2 Firefox OS

2.2 Math Suite

According to Wikipedia, “an office suite […] is a collection of productivity programs intended to be used by knowledge workers”. Similarly, we would like to develop a “Math Suite”, that is a collection of software tools intended to be used by someone who makes intensive use of math.

The basic components of a Math Suite are a text processor with math support and a symbolic math programming language, like Mathematica, but the suite could also have:

  • copy & paste;

  • search engines for math expressions;

  • a WYSIWYG math editor;

  • markup converters (e.g. LaTeX to MathML and MathML to LaTeX);

  • handwriting recognition;

  • a 2D drawing tool that helps with, for example, demos/2-mathml-in-svg.svg;

  • a 3D drawing tool that helps with, for example, demos/6-mathml-in-webgl.html;

  • a scripting tool that helps with, for example, demos/3-mathml-javascript.html;

  • accessibility to users with disabilities;

  • a virtual keyboard for math

  • and more.

Many of the applications, whether or not they are part of the Math Suite, share a set of functions. For example the search engine can be used by a text processor and by an ebook reader. Having these functions available in an open source Javascript library will make easy to develop new Web applications that can be customized into standalone applications to run on desktop and mobile devices. Figure 1 illustrates some of the applications that can compose the Math Suite, the features made available by the Javascript Library and which feature is used by which application.

Copy/Paste

Insert

Interact

Search

Math Javascript Library

Editor

2D Drawer

Animation

Reader

Math Suite


Figure 1: Illustration of Math Suite.

The authors of this work started writing this Javascript library as small independent modules together with some prototype demos that use them. The prototypes described below were developed for Firefox OS but also work with any browser that supports HTML5 with MathML and are available on the Firefox Marketplace.

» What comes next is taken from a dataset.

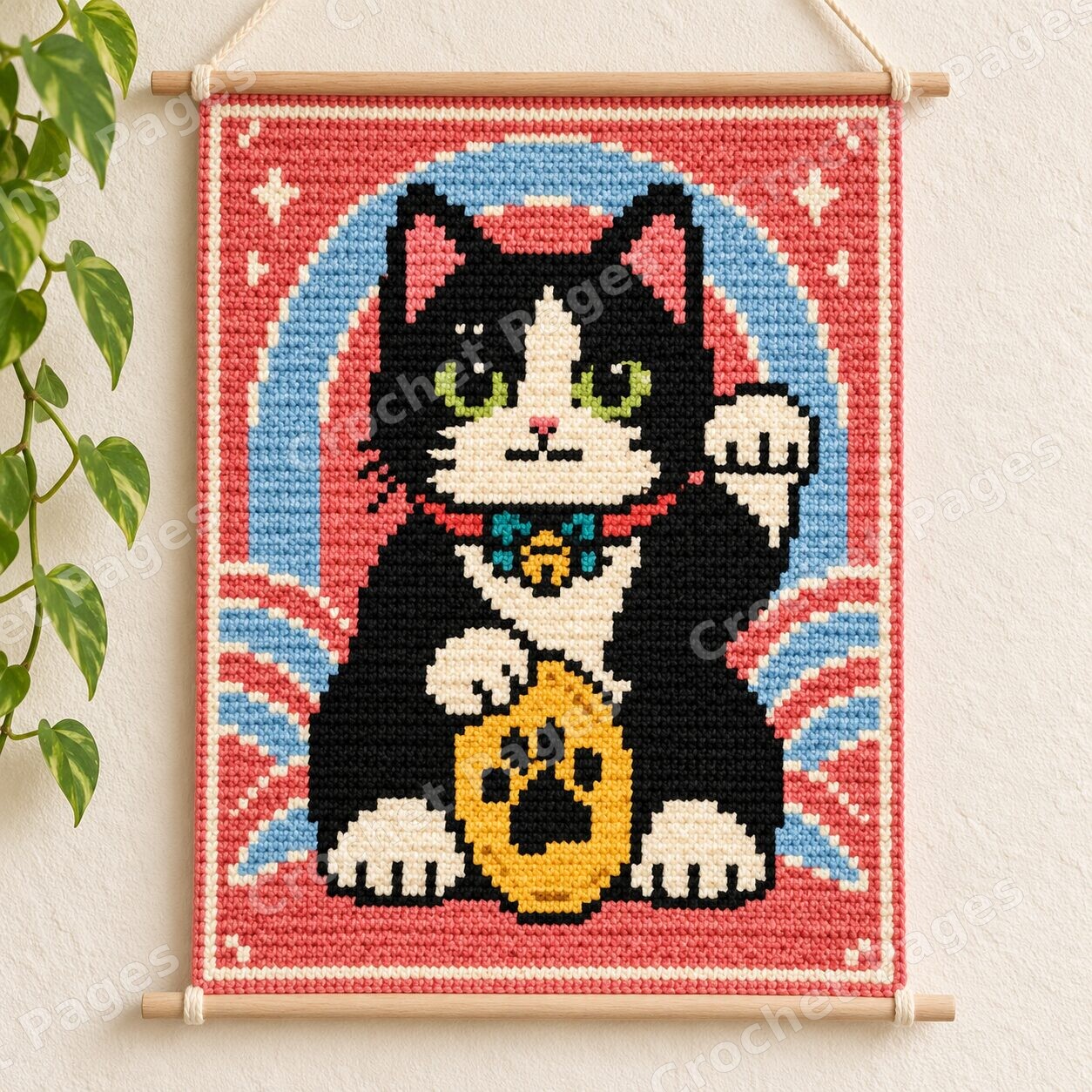 Lucky Cats - 4 Pattern Bundle crochet project mockup, tuxedo wall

One of the authors will also implement a virtual keyboard for Firefox OS as part of the 2014 edition of Google Summer of Code [Bugzilla1004057]. So far the most used method to input math on the Web is LaTeX, e.g. Wikipedia and phpBB. Unfortunately typing LaTeX code on a mobile device is hard because to access some useful characters, e.g. ^, _ and \, the user needs to switch the keyboard. This virtual keyboard project is intended to help writing such mathematical expressions faster.